Оцените весь набор, за что он ее убил (по Дионисию):
а) она вышла из дома
б) она вышла из дому одна, без сопровождения охраны (кормилицы)
в) она была неподобающе одета (разодрала хитон в знак траура)
г) она плакала не по братьям, а по врагам Отчизны, пускай и по жениху
д) она раззявила свой поганый рот и посмела высказать мужчине (брату) свои отрицательные эмоции словами
е) она делает это не в укромном месте, одна, а публично, позоря этим мужчину
И, судя по интонациям текста, Дионисий явно считает, что убил Гораций сестру за дело.
Тит Ливий ограничивается только пунктом "Г".
Я не устаю повторять, что великими чаще становятся те, кто более лаконичен и имеет чувство меры и такта.
Что же было с Публием Горацием дальше, после того, как шокированный народ (не разделявший просвещенной позиции Дионисия), скрутил сестроубийцу прямо над трупом?
В итоговой версии рисунок Давида на тему выглядел так. Писать картину маслом, в пандан "Клятве Горациев", он не стал -- и наверно, хорошо. Тема-то действительно, не такая благородная, как с клятвой. Зато оцените композицию и опять использование темы протянутых рук.
Лирическое отступление: я почтала всякие исследования, хотелось выяснить, зачем Гораций все-таки убил сестру с точки зрения современного структурного анализа, мифогенеза и всякое такое. Обьяснения есть разные. (Хотите загрузиться по-полной, почитайте Коптева). Но почему-то никто не приводит аналог, который приходит в голову сразу же, при багаже эрудиции. В Библии описано, как Иеффай дал обет Богу, что ради победы принесет ему в жертву первое, что выйдет из ворот при его возвращении домой (подразумевая очевидно козу или корову). Первой вышла родная дочь, пришлось ее принести в жертву. Сюжет расхожий, в греческой мифологии критский царь Идоменей во время бури при возвращении из-под Трои поклялся принести в жертву Посейдону первое, что встретит, и благополучно вернувшись домой, встретил сына. За его убийство сограждане царя и изгнали.

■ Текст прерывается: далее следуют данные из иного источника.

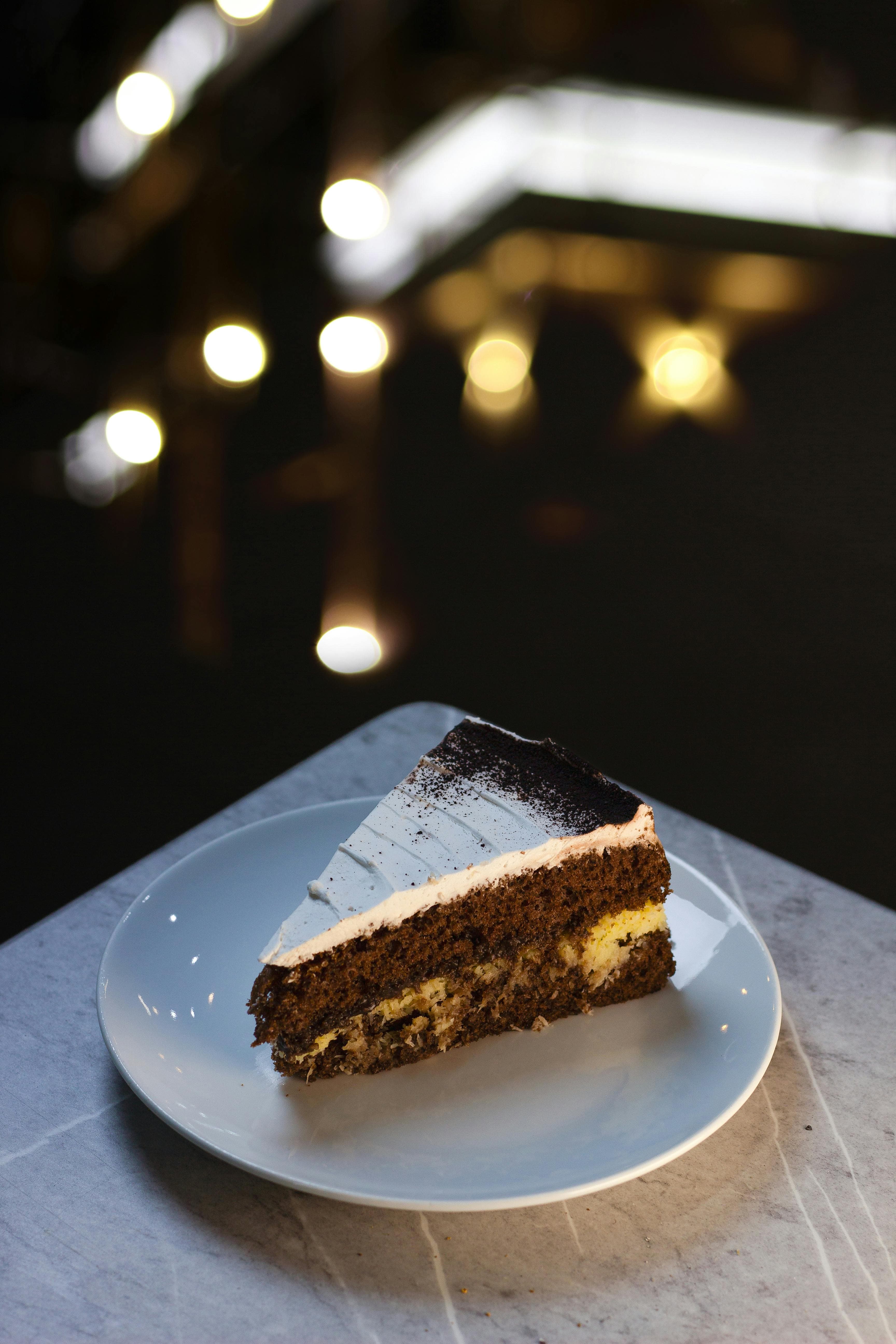 Mississippi Mud Cake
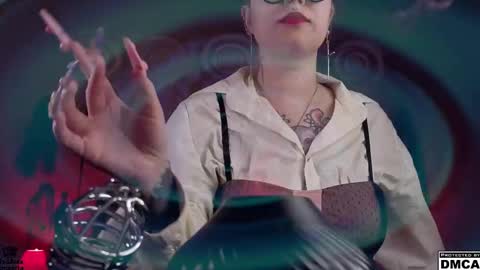 Snapshot of amanita__pantherina chatting on February 2025 04:17:02 PM Goddess Amanita online show from February 2025 04:17:02 PM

В сказках бродячий сюжет тоже остался, в варианте "отдай то, что дома не оставил", когда герой ради ништяка обещает волшебному покровителю нечто, а потом оказывается, что это его новорожденный.
В общем, если предположить, что изначально в этом мифе Публий Гораций пообещал божеству за свою победу принести в жертву нечто "свое", что он первым встретит у ворот, и за это обещание божество даровало ему победу в действительно очень трудных условиях -- то тогда это убийство (жертвоприношение) получает хоть какое-то логическое обьяснение, кроме амока и неостывшей ярости битвы.
Что же было убийце?
Народ привел его на суд к царю. Но Публий Гораций же герой, он родину спас! Царю стало стремно, и он, как Понтий Пилат, перевел стрелки -- отправил его на суд к дуумвирамам. Те, следуя букве закона, присудили его к смертной казни. Но Гораций потребовал, согласно пятой поправке, апелляцию и суда присяжных, т.е. народного собрания.

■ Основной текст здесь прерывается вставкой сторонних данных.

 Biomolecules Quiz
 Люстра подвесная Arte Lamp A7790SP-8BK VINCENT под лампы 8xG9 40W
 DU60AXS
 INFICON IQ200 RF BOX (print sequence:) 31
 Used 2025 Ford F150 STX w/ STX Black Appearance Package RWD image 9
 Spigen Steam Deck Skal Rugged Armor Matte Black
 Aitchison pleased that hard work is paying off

На народное собрание пришел папа-Гораций, который сказал, что дочь его -- дрянь, и он сам бы ее убил за подобное поведение. "Я даже запретил хоронить ее в семейной усыпальнице! Бросил тело лежать, где она упала". (Сердобольные римляне принесли туда гору камней и похоронили ее хоть так, при Тите Ливии этот курган еще показывали).
Еще папа-Гораций напомнил, что мальчик его -- вообще-то герой, и родину спас. "С утра у меня было три штуки сыновей, оставьте мне теперь хоть последнего!"
В итоге Публию Горацию присудили чего-то там условно и искупительные жертвы.
НИЧЕГО, в общем, никакого настоящего наказания не было этому мужчине-победителю, классическому представителю патриархального общества, где женщина -- это всего лишь безгласное имущество и должна делать все, что ей говорят мужчины в ее семье и не рыпаться.